Variational inference (VI) approximates an intractable target distribution with the closest member of a tractable family. A central challenge in black-box VI is that standard implementations, which minimize the KL divergence using stochastic gradient descent (SGD), converge slowly due to gradient noise and sensitivity to learning parameters. These issues become more pronounced when using expressive variational families, which are necessary for accurate inference in complex scientific problems.
My work shows that score matching—aligning the gradients of the log densities of the target model and variational approximation—enables faster, more reliable optimization, often yielding closed-form or convex subproblems. We introduced Batch and Match (BaM), an iterative score-matching method for fitting full-covariance Gaussians. BaM minimizes an objective based on a novel score matching divergence between the variational density $q$ and the target density $p$:
$$\mathscr{D}(q,p) = \mathbb{E}_q\left[|| \nabla \log q - \nabla \log p||^2_{\text{Cov}(q)}\right].$$
The BaM objective admits closed-form updates to the global minimum of each subproblem. Empirically, BaM yields 10–100x speedups over stochastic gradient-based BBVI in applications to hierarchical Bayes and deep generative modeling. Theoretically, we prove that for Gaussian targets, BaM converges exponentially fast to the true parameters. To use BaM in high-dimensional settings, we augmented the BaM update with a “Patch” operation, a structured update that projects the covariance update to a low-rank plus diagonal form in linear time and memory. We then demonstrated its effectiveness on high-dimensional latent Gaussian processes and other examples with dimensions up to $8000$.

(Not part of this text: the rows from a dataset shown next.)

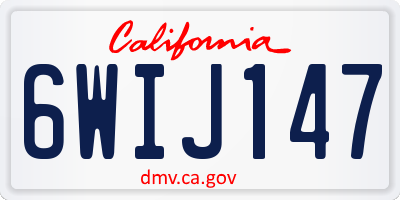 CA license plate 6WIJ147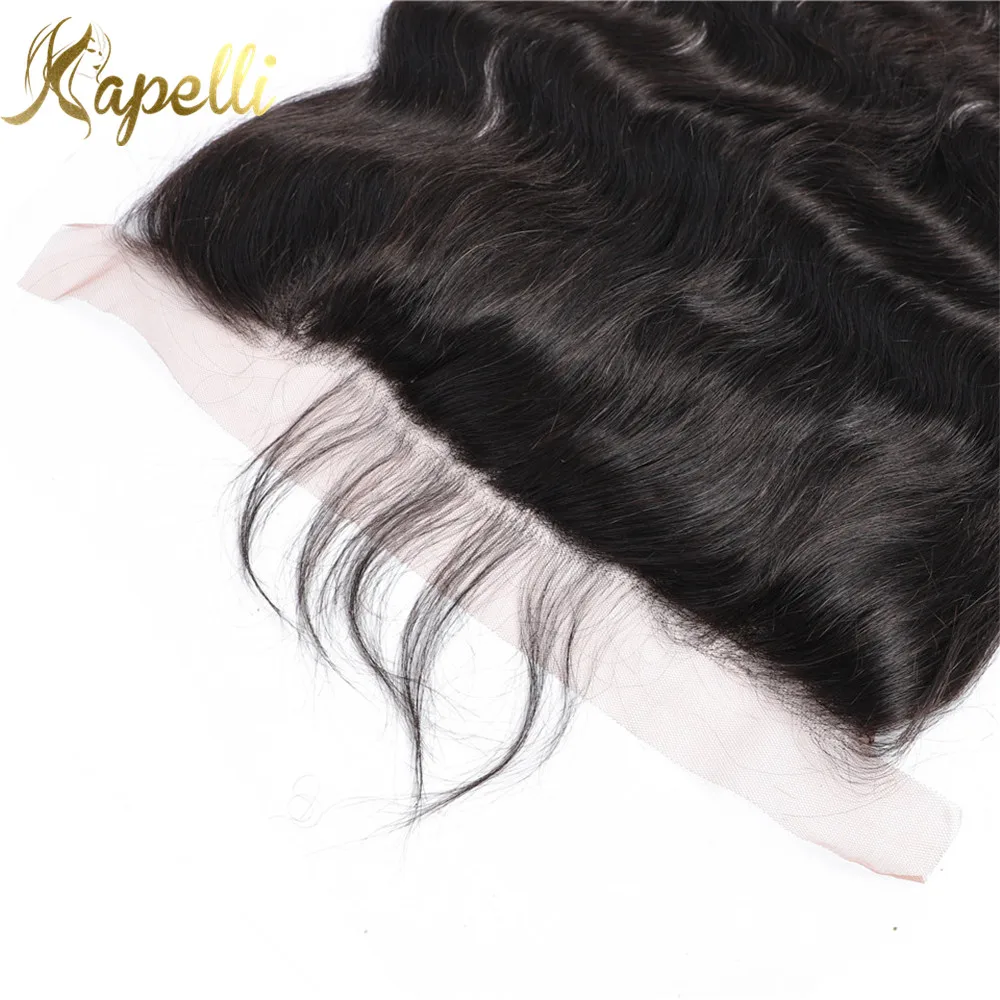 Волнистые кружевные фронтальные Закрытие человеческих волос бразильские волосы с закрытием ткачество натуральный цвет Remy 13x4 лобовое закрытие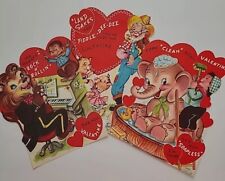 3 UNUSED Vtg MECHANICAL VALENTINE Greeting CARDS picture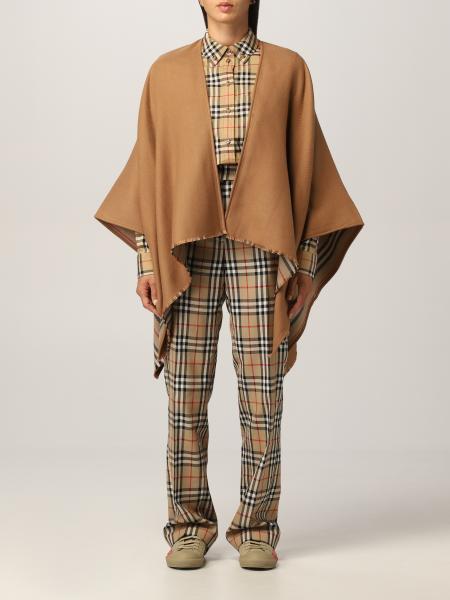 BURBERRY: cape in wool with striped pattern - Camel | Burberry cape 8015654  online on 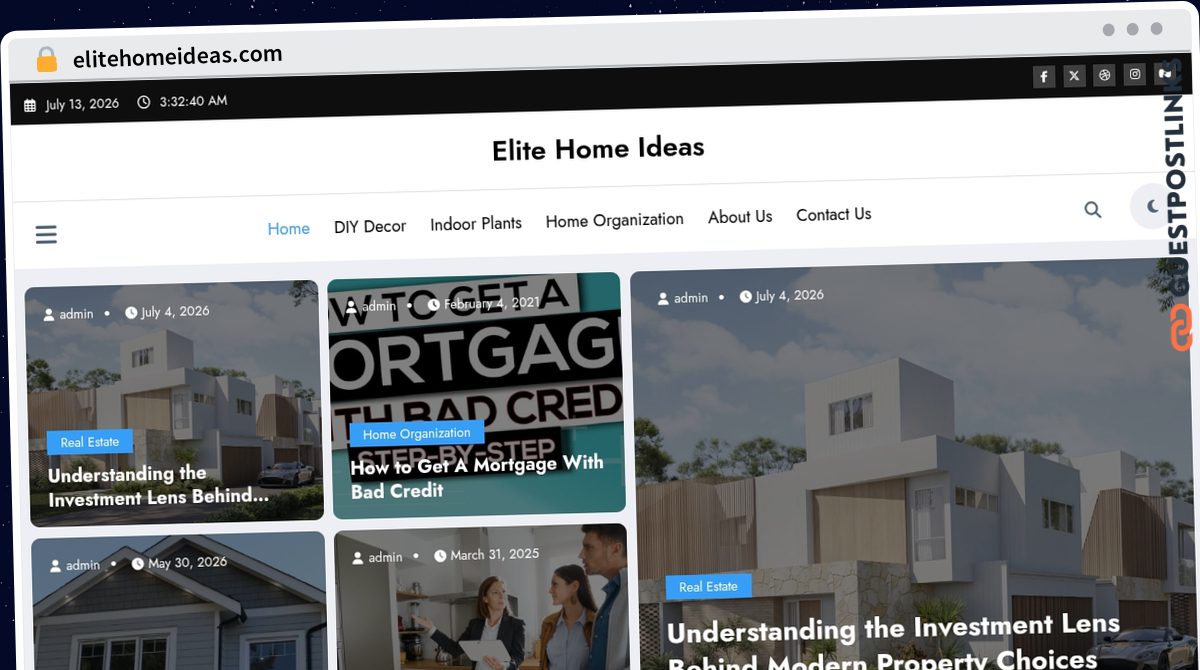 Publish Guest Post on elitehomeideas.com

In many scientific domains, target distributions exhibit skewness, heavy tails, and multimodality, which are beyond the reach of Gaussian approximations. To address these situations, We have developed richer variational families that avoid the need for SGD via score matching. The first, EigenVI, uses orthonormal basis expansions, and score matching reduces inference to solving an eigenvalue problem, from which EigenVI derives its name. The second, based on a product of experts (PoE), combines multivariate-$t$ experts whose contribution is determined by a geometric weighting. We show that this family becomes tractable using a Feynman parameterization identity from physics. We then developed an efficient score matching algorithm that reduces the problem to solving a sequence of nonnegative least-squares problems. We characterized convergence rates of this algorithm, and empirically demonstrated the effectiveness of this algorithm.